◆ EXERCISE PROMPT:
Among the entries below, only the lines starting at the one with "Tussenwoning te koop: Julianalaan" and ending at the one with "Le auto sono", both included, are to be printed exactly.

◆ DATA EXTRACTS:
☆ ☆ ☆ ☆ ☆ ☆ ☆

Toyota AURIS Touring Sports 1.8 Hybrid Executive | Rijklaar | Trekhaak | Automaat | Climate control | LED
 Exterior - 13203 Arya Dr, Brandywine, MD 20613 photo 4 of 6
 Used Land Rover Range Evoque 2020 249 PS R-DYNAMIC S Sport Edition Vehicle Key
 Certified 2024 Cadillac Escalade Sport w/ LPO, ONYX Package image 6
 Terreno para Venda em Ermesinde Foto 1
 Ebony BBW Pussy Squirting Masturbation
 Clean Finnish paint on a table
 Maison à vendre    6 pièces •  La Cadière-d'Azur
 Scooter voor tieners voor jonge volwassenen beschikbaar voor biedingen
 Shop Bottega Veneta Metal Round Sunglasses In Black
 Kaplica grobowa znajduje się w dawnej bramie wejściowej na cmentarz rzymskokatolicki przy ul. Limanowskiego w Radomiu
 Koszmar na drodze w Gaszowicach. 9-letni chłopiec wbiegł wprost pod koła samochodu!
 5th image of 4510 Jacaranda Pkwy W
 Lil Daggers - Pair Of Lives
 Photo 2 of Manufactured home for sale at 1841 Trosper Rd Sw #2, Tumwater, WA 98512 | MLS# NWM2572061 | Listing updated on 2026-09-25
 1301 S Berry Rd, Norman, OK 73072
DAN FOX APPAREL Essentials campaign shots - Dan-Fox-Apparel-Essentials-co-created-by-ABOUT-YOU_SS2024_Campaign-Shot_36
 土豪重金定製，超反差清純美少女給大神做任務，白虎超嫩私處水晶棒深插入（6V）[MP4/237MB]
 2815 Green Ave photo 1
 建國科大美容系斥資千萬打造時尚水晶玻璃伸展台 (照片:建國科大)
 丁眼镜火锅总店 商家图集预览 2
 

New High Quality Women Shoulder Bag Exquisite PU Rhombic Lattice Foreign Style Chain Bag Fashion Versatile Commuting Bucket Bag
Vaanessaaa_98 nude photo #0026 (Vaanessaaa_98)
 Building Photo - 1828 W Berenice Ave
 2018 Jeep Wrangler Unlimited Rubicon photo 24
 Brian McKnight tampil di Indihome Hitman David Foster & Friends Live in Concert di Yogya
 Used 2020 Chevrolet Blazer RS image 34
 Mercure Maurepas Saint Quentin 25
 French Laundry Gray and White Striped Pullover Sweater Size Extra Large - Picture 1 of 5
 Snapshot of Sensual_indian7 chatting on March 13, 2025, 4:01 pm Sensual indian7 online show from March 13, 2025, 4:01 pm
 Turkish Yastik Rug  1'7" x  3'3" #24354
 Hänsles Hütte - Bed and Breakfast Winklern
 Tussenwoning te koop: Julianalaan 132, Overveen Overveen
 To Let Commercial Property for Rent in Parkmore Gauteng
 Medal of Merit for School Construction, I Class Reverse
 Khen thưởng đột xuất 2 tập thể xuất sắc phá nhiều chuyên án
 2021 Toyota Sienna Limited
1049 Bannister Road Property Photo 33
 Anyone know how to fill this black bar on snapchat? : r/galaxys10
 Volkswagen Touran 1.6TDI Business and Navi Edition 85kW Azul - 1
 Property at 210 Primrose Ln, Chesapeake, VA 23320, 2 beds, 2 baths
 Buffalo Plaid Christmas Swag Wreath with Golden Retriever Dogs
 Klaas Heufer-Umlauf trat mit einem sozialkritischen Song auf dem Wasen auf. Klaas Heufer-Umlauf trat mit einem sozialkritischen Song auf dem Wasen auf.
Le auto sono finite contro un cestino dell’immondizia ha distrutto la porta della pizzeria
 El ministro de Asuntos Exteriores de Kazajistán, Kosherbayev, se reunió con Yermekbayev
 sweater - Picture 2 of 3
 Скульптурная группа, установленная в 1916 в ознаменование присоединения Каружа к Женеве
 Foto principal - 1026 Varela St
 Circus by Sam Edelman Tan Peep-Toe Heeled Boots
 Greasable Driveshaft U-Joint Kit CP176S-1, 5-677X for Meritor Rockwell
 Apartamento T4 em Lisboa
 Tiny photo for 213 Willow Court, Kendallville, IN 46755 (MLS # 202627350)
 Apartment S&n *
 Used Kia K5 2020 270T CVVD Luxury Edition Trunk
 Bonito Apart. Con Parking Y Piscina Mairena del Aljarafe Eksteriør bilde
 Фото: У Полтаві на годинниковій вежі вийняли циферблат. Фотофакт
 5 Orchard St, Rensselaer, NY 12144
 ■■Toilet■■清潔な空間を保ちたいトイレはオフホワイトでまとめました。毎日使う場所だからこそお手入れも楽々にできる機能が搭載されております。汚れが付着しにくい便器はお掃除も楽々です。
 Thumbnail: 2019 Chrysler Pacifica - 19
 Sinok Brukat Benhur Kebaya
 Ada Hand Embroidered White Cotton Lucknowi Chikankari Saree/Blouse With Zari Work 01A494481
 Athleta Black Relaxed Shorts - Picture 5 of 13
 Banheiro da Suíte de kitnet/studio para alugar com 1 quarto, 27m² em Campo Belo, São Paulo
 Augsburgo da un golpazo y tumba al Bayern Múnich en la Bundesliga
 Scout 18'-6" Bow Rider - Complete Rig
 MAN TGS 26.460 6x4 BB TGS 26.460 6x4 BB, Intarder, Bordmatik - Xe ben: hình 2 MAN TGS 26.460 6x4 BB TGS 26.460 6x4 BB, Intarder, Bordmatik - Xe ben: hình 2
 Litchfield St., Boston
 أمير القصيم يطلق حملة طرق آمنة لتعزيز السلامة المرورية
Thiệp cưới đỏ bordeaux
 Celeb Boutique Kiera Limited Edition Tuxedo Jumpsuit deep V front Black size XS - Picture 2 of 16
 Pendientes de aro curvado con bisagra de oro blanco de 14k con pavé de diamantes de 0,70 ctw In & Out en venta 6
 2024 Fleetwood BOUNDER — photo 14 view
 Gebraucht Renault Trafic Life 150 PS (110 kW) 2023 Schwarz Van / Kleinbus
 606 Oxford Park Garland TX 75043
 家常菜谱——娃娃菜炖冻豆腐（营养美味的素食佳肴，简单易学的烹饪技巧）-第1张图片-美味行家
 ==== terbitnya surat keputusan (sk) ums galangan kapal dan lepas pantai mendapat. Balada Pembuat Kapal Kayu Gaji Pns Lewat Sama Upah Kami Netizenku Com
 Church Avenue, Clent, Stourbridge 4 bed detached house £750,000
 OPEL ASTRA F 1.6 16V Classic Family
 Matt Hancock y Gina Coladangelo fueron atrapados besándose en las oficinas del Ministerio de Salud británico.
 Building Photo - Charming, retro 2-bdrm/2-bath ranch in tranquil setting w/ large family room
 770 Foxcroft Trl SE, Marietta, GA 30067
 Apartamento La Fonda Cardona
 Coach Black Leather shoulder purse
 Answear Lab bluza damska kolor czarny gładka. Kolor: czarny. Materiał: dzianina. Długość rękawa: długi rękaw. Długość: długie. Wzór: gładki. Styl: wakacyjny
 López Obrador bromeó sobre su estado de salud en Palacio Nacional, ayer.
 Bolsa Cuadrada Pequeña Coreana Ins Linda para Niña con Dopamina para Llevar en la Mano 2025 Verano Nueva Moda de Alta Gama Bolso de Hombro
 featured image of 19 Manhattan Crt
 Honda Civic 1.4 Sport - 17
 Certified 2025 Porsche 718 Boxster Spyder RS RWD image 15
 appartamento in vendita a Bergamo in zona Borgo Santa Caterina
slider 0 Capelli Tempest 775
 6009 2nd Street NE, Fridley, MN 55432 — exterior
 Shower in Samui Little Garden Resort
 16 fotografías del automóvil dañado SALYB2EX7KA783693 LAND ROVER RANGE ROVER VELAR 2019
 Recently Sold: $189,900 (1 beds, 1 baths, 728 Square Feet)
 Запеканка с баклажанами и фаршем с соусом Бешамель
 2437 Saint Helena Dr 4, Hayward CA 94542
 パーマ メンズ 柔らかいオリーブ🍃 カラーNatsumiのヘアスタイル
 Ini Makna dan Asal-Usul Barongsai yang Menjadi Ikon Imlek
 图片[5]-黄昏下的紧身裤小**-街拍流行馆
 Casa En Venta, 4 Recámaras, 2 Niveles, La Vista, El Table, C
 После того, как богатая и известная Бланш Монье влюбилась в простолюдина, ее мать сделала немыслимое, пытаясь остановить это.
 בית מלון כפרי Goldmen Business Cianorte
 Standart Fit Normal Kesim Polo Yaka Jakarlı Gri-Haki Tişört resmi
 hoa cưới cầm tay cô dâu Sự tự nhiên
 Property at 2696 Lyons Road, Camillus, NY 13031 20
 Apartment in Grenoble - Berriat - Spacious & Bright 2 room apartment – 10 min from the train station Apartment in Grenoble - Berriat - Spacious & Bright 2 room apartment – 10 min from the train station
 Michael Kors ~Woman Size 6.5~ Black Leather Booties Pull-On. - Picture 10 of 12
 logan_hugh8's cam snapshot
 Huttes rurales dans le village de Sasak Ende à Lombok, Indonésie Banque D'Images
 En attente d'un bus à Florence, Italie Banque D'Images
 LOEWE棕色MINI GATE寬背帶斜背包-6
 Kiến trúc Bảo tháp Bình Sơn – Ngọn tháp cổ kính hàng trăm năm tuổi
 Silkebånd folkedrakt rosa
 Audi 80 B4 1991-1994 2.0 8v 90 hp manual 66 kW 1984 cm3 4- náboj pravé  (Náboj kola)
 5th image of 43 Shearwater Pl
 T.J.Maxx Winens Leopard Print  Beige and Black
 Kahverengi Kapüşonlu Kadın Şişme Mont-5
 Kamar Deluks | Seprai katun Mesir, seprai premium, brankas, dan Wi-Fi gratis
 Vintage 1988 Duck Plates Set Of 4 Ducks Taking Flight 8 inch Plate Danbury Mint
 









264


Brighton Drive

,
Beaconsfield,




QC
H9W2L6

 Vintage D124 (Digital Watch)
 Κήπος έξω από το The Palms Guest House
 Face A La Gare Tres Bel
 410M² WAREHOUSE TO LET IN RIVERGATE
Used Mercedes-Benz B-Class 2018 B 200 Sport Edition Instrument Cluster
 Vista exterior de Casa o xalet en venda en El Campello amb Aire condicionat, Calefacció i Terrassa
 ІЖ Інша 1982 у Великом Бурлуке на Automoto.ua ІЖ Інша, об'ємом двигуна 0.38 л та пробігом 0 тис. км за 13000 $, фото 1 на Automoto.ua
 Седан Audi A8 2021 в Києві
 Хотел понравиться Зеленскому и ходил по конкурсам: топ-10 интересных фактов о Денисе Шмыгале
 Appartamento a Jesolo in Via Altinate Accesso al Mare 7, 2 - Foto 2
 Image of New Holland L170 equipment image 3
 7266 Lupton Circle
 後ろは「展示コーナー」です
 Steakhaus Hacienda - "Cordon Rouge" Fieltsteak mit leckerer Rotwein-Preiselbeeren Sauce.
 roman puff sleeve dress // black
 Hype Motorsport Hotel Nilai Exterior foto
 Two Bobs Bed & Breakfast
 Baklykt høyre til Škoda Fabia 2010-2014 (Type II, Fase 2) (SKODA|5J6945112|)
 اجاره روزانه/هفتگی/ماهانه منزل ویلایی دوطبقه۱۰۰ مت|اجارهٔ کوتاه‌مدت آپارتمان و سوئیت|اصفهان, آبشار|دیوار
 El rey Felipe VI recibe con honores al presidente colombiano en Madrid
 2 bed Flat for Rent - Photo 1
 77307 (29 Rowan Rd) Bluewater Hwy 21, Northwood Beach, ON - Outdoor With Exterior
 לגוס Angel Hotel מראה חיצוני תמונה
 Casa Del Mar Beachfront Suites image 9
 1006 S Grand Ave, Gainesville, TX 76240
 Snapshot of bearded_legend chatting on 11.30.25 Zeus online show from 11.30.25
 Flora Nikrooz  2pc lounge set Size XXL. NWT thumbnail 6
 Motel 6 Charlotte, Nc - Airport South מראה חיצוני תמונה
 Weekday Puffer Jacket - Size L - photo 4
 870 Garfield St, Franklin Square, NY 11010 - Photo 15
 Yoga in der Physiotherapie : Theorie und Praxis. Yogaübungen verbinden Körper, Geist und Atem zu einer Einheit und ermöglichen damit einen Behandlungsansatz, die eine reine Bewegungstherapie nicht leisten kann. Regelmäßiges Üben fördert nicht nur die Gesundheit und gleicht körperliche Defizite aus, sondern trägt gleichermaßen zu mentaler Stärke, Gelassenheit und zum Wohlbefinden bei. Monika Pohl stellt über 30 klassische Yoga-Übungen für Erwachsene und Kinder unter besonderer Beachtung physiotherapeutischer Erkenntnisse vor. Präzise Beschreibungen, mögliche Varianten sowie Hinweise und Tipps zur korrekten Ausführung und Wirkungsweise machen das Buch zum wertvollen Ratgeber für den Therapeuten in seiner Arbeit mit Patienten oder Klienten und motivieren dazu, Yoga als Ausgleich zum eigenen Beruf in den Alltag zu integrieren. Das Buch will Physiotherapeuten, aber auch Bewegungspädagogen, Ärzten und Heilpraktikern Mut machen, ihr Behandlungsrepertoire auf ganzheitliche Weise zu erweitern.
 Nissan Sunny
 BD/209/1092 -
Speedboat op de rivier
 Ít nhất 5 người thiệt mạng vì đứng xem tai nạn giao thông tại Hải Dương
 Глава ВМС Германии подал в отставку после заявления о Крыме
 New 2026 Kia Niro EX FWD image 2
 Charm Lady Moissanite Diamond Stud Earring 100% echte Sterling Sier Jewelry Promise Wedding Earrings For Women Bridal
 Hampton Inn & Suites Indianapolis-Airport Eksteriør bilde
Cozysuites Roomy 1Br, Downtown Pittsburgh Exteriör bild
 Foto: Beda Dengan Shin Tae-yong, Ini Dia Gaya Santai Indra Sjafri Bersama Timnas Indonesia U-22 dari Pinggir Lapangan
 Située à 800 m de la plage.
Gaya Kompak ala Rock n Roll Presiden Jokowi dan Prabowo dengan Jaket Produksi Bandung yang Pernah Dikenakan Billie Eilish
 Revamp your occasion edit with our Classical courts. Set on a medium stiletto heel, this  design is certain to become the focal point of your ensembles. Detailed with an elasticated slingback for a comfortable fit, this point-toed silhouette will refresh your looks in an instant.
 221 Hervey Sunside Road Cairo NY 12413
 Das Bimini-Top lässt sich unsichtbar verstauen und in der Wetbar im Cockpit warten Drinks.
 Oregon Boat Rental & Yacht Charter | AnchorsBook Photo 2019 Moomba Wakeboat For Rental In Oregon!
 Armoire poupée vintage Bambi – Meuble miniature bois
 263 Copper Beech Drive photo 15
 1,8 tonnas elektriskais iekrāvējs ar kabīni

☆ ☆ ☆ ☆ ☆ ☆ ☆

◆ WORKED SOLUTION:
 Tussenwoning te koop: Julianalaan 132, Overveen Overveen
 To Let Commercial Property for Rent in Parkmore Gauteng
 Medal of Merit for School Construction, I Class Reverse
 Khen thưởng đột xuất 2 tập thể xuất sắc phá nhiều chuyên án
 2021 Toyota Sienna Limited
1049 Bannister Road Property Photo 33
 Anyone know how to fill this black bar on snapchat? : r/galaxys10
 Volkswagen Touran 1.6TDI Business and Navi Edition 85kW Azul - 1
 Property at 210 Primrose Ln, Chesapeake, VA 23320, 2 beds, 2 baths
 Buffalo Plaid Christmas Swag Wreath with Golden Retriever Dogs
 Klaas Heufer-Umlauf trat mit einem sozialkritischen Song auf dem Wasen auf. Klaas Heufer-Umlauf trat mit einem sozialkritischen Song auf dem Wasen auf.
Le auto sono finite contro un cestino dell’immondizia ha distrutto la porta della pizzeria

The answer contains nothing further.